Unions are great and all, but they cannot solve all problems purely by maximizing their demands. If the resulting business (with the unions and the costs of satisfying them) is no longer able to offer a compelling marketplace offering then all the unions accomplish is destroy their own jobs. This is actually nuanced (meaning there is probably an ideal balance where both parties can enjoy benefits, but too far in either direction is either toxic to the workers or kills the business) but unfortunately the discussion is generally conducted with this kind of flippant emotional appeal. I think that’s why unions are in massive decline. A ton of unionized jobs died because the businesses couldn’t compete, and businesses work to avoid unions at all costs because of that reputation. A lose-lose for workers.

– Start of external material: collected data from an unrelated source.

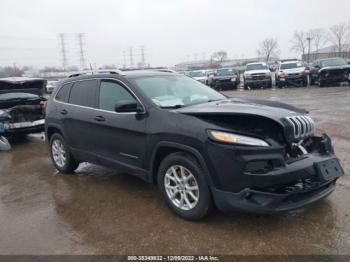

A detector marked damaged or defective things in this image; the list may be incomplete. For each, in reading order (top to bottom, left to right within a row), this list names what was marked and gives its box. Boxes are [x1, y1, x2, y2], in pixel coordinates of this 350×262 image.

damaged front bumper [206, 135, 346, 215]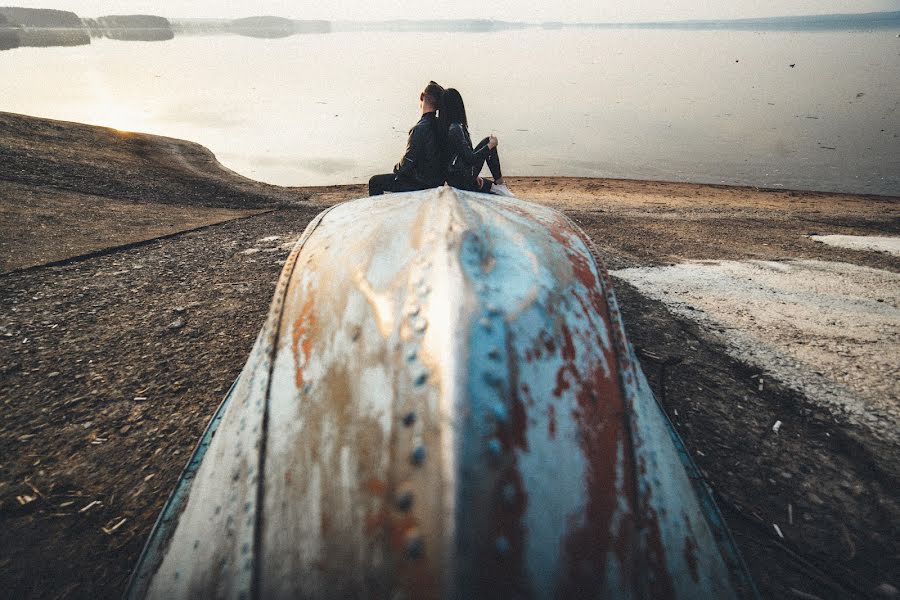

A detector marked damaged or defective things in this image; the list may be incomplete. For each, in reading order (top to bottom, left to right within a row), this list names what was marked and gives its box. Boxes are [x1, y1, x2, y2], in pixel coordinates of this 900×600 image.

rusty metal boat [126, 185, 756, 596]
peeling paint on hull [128, 188, 760, 600]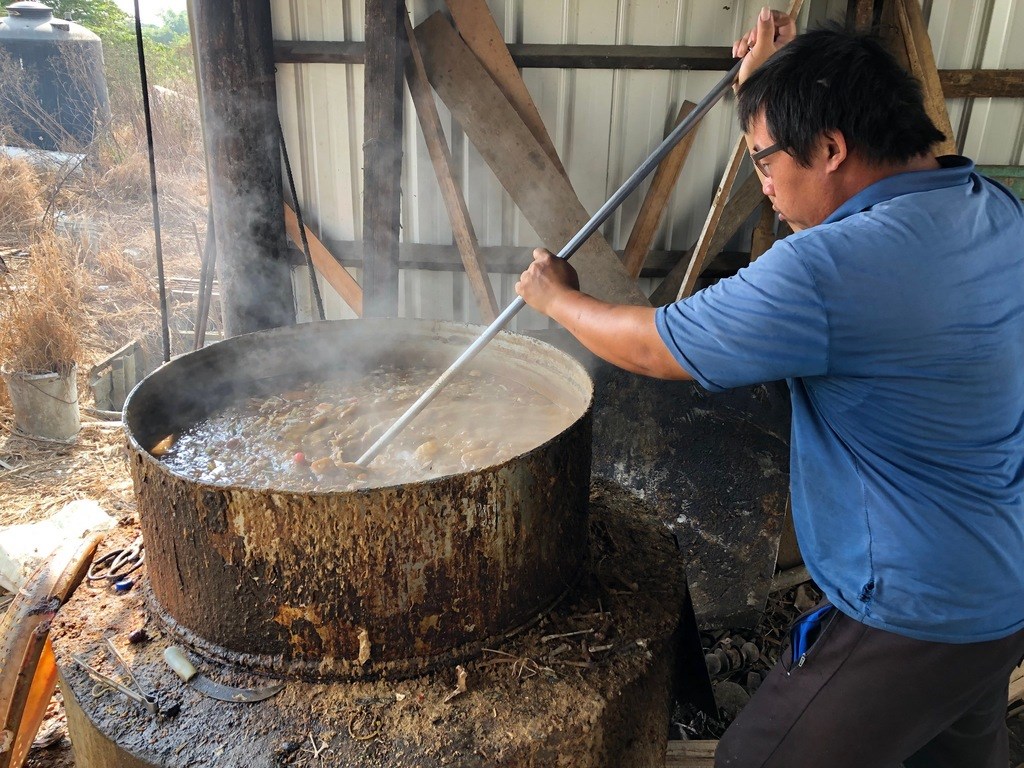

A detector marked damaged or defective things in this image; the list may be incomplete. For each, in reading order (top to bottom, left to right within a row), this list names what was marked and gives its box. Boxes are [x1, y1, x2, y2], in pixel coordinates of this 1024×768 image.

rusty barrel [125, 318, 592, 680]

>A ton of unionized jobs died because the businesses couldn’t compete, and businesses work to avoid unions at all costs because of that reputation.
Do you have a source for any of this beyond "a corporate spokesmouth said so"?
A key thing to understand about unions is that they're a lot of effort to set up and manage, and the time spent on it is in addition to your normal work hours. They don't just spring up out of nowhere.
If you're looking at a union there's a specific reason it formed, and probably a specific person in management behind that reason.
> A lose-lose for workers.
There's an ancient saying in labor: "the only thing worse than a union is no union."